Des liens improbables que Bofane tisse avec cohérence et sans scrupule, allant même jusqu’à convoquer Confucius et Mao Zedong comme inspirateurs pour ses personnages, et sous-titrant sans coup férir ses chapitres – des titres de séries B – en chinois.

Car son roman nous fait explorer le Congo et Kinshasa à l’aune d’une mondialisation qui n’épargne personne : un rouleau compresseur dont l’auteur nous fait démonter les mécanismes et qui nous laisse ahuris. Au nom de la miniaturisation de nos téléphones portables, ces femmes éventrées. Au nom de funestes matières premières, le sacrifice des populations et de leurs histoires. À l’ONU, au FMI, à l’OMC, la dédicace de l’ouvrage. Si l’on en sort terrifié, c’est qu’on sent bien, d’un bout à l’autre du livre, que cette fiction n’est que trop inspirée par la réalité. Comme au sortir de Murambi, le livre des ossements de Boubacar Boris Diop, il apparaît clairement que cette barbarie est la nôtre. Celle du coltan de nos ampoules LED. Celle de notre consommation toujours plus effrénée, qui justifie l’innommable. Celle des enfants des rues, chassés vers l’ouest par les massacres de leurs familles, magnifiques de résilience. Celle des sectes multiplicatrices qui s’offrent en exutoires aux âmes et aux porte-monnaie. Celle des fonctionnaires internationaux qui dérapent auprès de mineures.
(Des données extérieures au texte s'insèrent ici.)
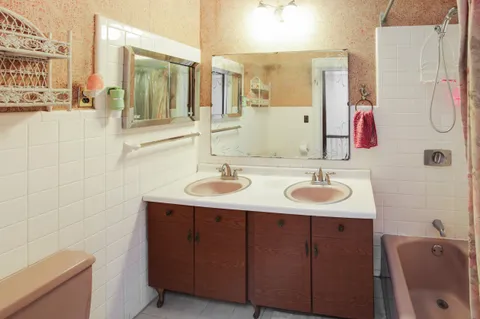 $1,450,000 | 425 81st Street | Bay Ridge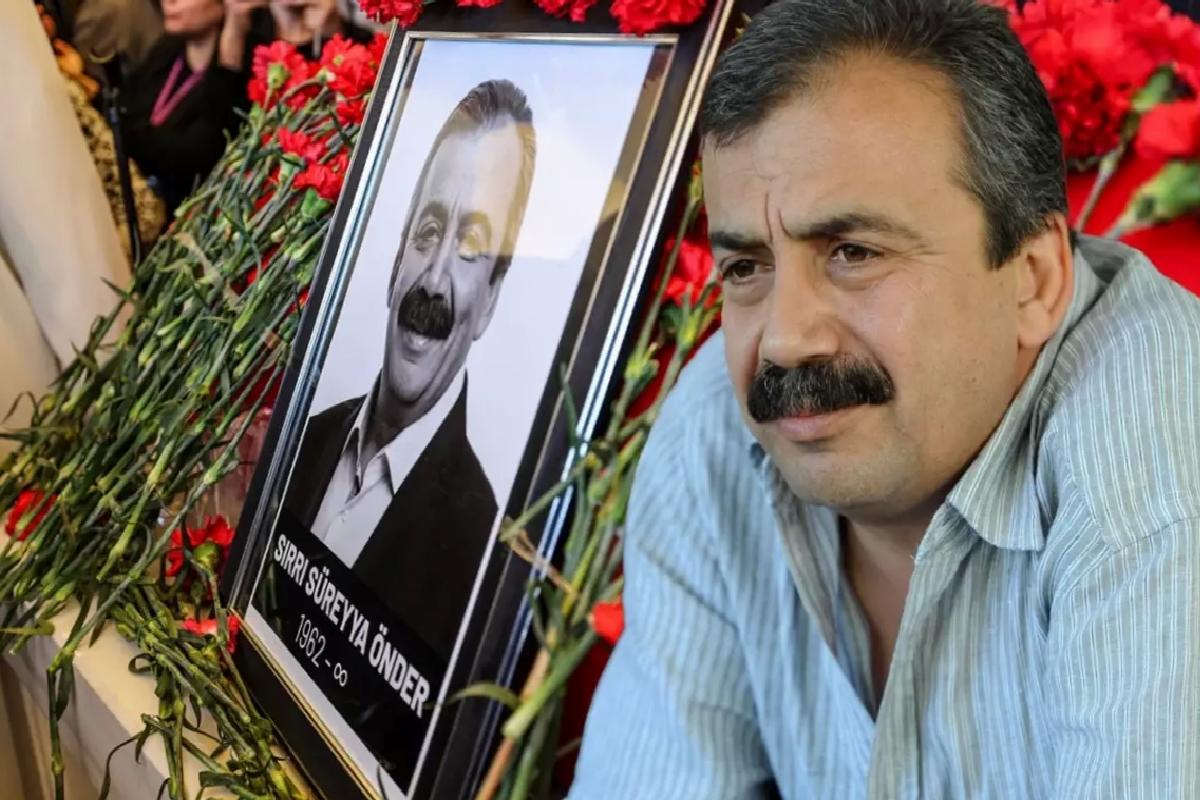 Sırrı Süreyya Öncü’nün “Türk müsünüz?” sorusuna karşılığı yine gündem oldu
Alors vous n’avez déjà plus envie de le lire, mais vous avez grand tort car In Koli Jean Bofane parvient à rester terriblement drôle, d’une ironie désarmante, d’une humanité salutaire. Comme un miroir révélateur, nous contemplons cette image de nous-mêmes, décryptée, révoltante et attachante. Mais l’on s’en sort bien car l’auteur est avant tout un fabuleux conteur. Il nous aide à comprendre et, pourquoi pas comme le jeune Isookanga, à trouver notre place dans ce monde de fous, qui est le sien, le nôtre. Comme le rappelle, en effet, Théo Ananissoh, un autre grand écrivain contemporain originaire d’Afrique, commentant Congo Inc. dans La cause littéraire, « le mot Congo a signifié plus que le Congo. […] Une affaire très sérieuse et mondiale. » Il ajoute et je le rejoins sans hésiter qu’« il faudra pouvoir écrire cette sorte de cristallisation sémantique autour d’un nom qui, à l’origine, signifierait terre ou demeure de la panthère. » Il faudra ? Mais non ! Un romancier né là-bas vient d’accomplir une forme d’exploit qui s’apparente à cela.

In Koli Jean Bofane, Congo Inc., le testament de Bismarck, roman, Editions Actes Sud, Arles, 2014, 294p., Prix des 5 continents 2015.